Come cambia l’amicizia
Con l’adolescenza le cose cambiano: «Le scelte sono di carattere elettivo e selettivo: “ti scelgo perché se ti dico una cosa la capisci”», continua Confalonieri. Certo non tutti gli amici sono uguali. Secondo la sociologa americana Jan Yager possiamo distinguere tre categorie: gli amici casuali, cioè quelli che scegliamo per semplice affinità e con cui chiacchieriamo e condividiamo qualche semplice hobby ma a cui non facciamo confidenze, gli amici intimi, quelli che ci danno conforto e con cui ci permettiamo di essere noi stessi fino in fondo, e i migliori amici, i più intimi tra gli amici intimi. Mediamente ognuno di noi può avere anche 30 o 40 amici casuali, mentre quelli intimi raggiungono al massimo la decina, anche se una ricerca pubblicata diversi anni fa dall’American Social Review stabiliva che questo numero è in genere molto inferiore: gli amici veri possono essere al massimo due. Il migliore amico invece, per definizione uno solo, è qualcosa di ancora diverso: più simile a un fratello di sangue e, sempre secondo la stessa ricerca, nel 40 per cento dei casi coincide con il partner. «La collocazione di una relazione di amicizia in una di queste tre categorie», mi ha spiegato Paola Di Nicola, docente di sociologia dei processi culturali e comunicativi all’università di Verona, «viene determinata in base ad alcuni indicatori come la frequenza con cui ci si vede e il tempo che si passa insieme. Fattori che variano in base all’età e ai contesti culturali».
Condividere lo stress per essere amici
Ad ogni modo l’importanza dell’amico è indiscussa, specie per il singolo individuo.

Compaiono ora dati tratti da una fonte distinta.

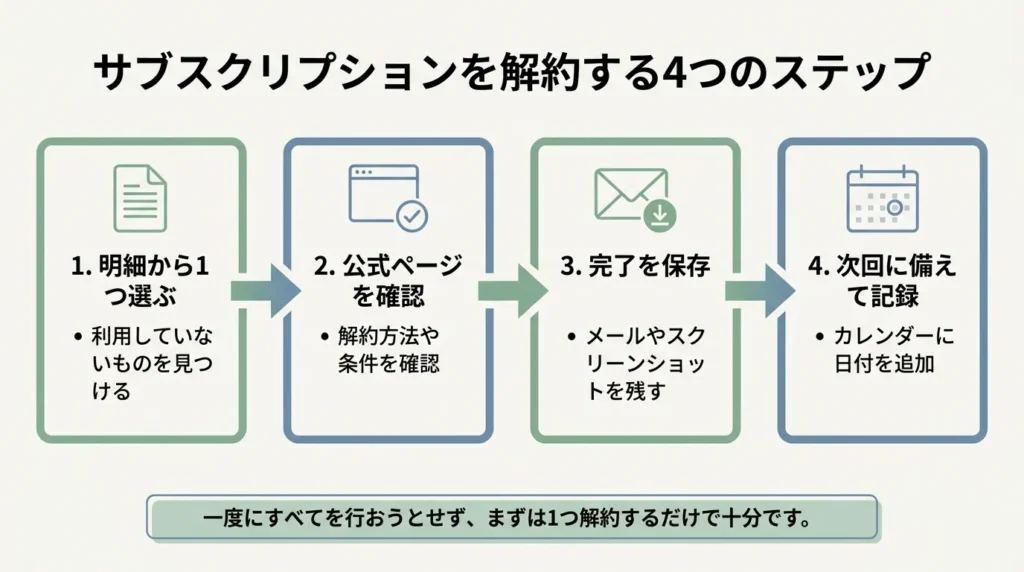 サブスクを解約するまでの4ステップ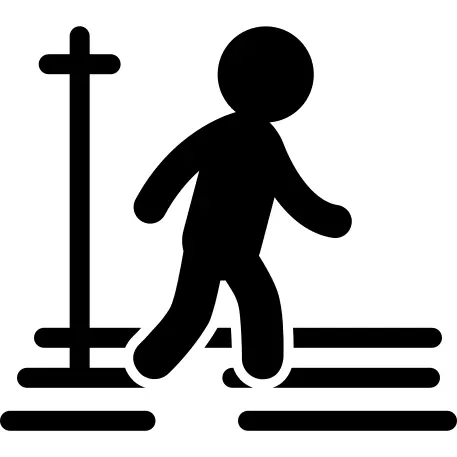 Silhouette crossing street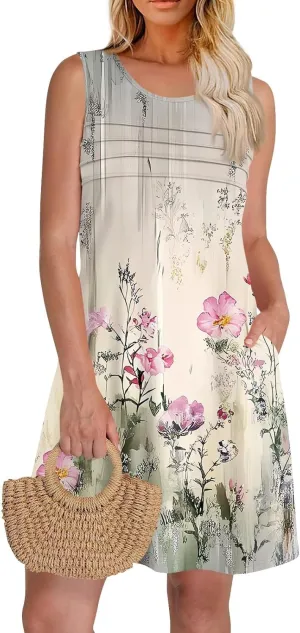 Summer Dresses for Women 2025 Sundresses Crewneck Sleeveless Dress with Pockets Boho Skirt Beach Vacation Clothes for Women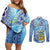 Tuvalu mo te Atua Couples Matching Off Shoulder Short Dress and Long Sleeve Button Shirt Tuvalu Dolphin Polynesian Pattern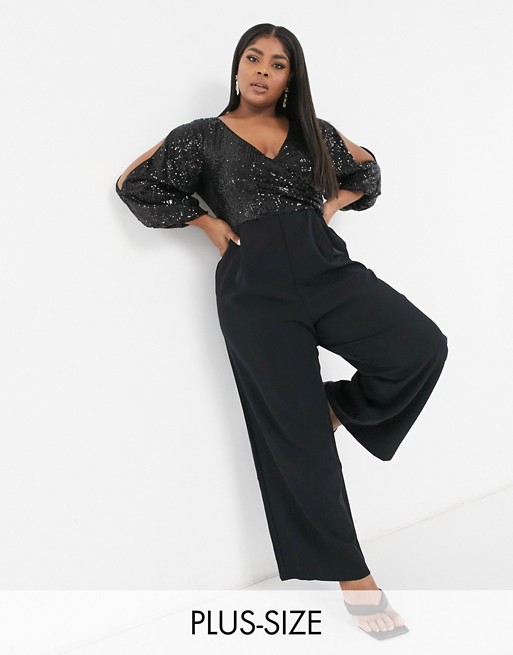 Forever New Curve embellished jumpsuit with plunge neck and open sleeve in black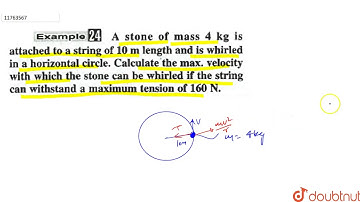A stone of mass 4 kg is attached to a string of 10 m length and is whirled in a horizontal circle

Secondo Willard W. Hartup, professore emerito presso l’Institute of child development dell’Università del Minnesota (Usa) e tra i più importanti studiosi delle relazioni amicali, essa consente di accedere alla conoscenza dell’altro e di se stessi, è un luogo di sperimentazione delle relazioni sociali e nel caso dei bambini e degli adolescenti prepara alle future relazioni di intimità con un partner. «In pratica», mi ha detto Paola Corsano, psicologa presso l’Università degli studi di Parma che da tempo si occupa degli aspetti socio-emotivi dello sviluppo, «un amico costituisce una persona in cui rispecchiarsi e da cui differenziarsi, aspetto fondamentale per i processi di identità in qualsiasi fase della vita. L’amico ci affianca nei momenti di svago, importanti per la psiche, ma ci sostiene anche nelle difficoltà e nelle scelte importanti». Pare infatti che siano proprio i momenti più difficili a cementare i rapporti: le amicizie più profonde, secondo diversi studi, sono quelle che nascono in condizioni di stress. Ad esempio i rapporti tra gli ex commilitoni del Vietnam, oggetto di numerose ricerche, sono durati anche più di vent’anni.